April 19, 2005

Joseph Ratzinger is the new Pope, Benedict XVI

German Cardinal Ratzinger Elected: Pope Benedict XVI
Rome -- German Cardinal Joseph Ratzinger, the Vatican's chief enforcer of doctrinal orthodoxy, was elected as the new Supreme Pontiff of the Roman Catholic Church today and took the name Pope Benedict XVI.

Ratzinger, 78, parted the red velvet curtains draped over the center balcony of St. Peter's Basilica barely less than an hour after his election by the College of Cardinals and was greeted by a roar of approval from more that 100,000 people packed into St. Peter's Square and spilling into the streets of Rome.

He waved to the crowd and gave his first blessing.
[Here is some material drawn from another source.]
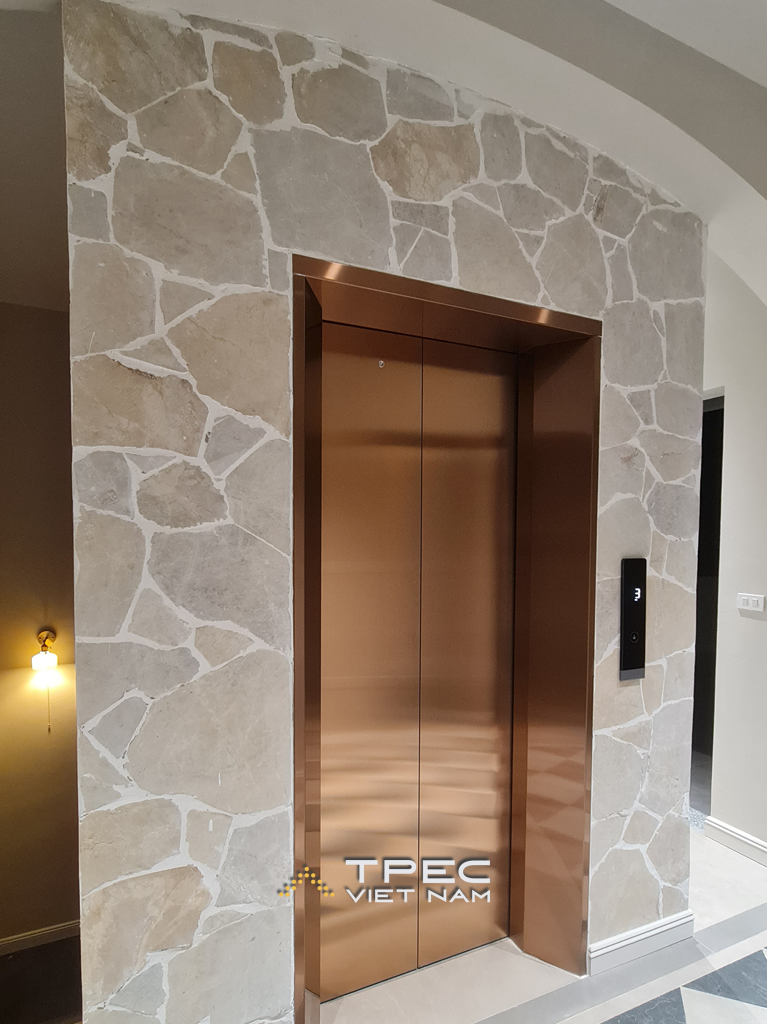 Cửa tầng thang máy inox màu đồng ốp đá tự nhiên tại biệt thự sang trọng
Other cardinals clad in their crimson robes came out on other balconies to watch him.

"Dear brothers and sisters, after the great Pope John Paul II, the cardinals have elected me -— a simple, humble worker in the vineyard of the Lord," he said after being introduced by Chilean Cardinal Jorge Arturo Medina Estivez.
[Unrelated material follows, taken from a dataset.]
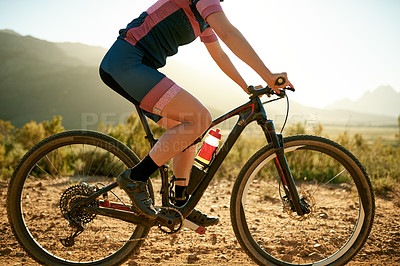 Buy stock photo Cycling, legs and travel with woman in nature for cardio challenge, training and health. Exercise, sports athlete and bicycle with person outdoor for triathlon practice, wellness and workout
"The fact that the Lord can work and act even with insufficient means consoles me, and above all I entrust myself to your prayers," the new pope said. "I entrust myself to your prayers."

The crowd responded to the 265th pope by chanting "Benedict! Benedict!"
I am a Catholic, I welcome the new Pope with open arms and my prays are with him. I disagree with some of the church teachings, but I know one thing about the new Pope.

He was not a Nazi.
When Ratzinger turned 14 in 1941, was forced to join the Hitler Youth, as all young men were required to do throughout World War II. According to biographer John Allen, Ratzinger was an unenthusiastic member who refused to attend any meetings.
Mandatory Participation
On December 1, 1936, Hitler decreed "The Law concerning the Hitler Youth" which mandated that all young Germans (excluding Jews) would "be educated physically, intellectually and morally in the spirit of National Socialism" though the Hitler Youth from the age of ten onward. This law also effectively ended the Catholic Youth Organization which had managed to hold for three years amid continual Nazi harrassment.

Parents who prevented their children from joining the Hitler Youth were subject to heavy prison sentences. Membership thus grew to nearly six million. As a result, the organization sprouted into a giant bureaucracy in Berlin and began to acquire the dreariness of a big governmental institution in marked contrast to the dynamic organization it had been in the 1920s and early '30s when members battled daily to bring Hitler to power. The compulsory nature of weekly HJ meetings for everyone led to a gradual decline in morale and discipline.
Let me remind people, the Catholic Church is not a member of American Right or Left. Even if some people claim otherwise. The Catholic Church is not a political party and should never become one.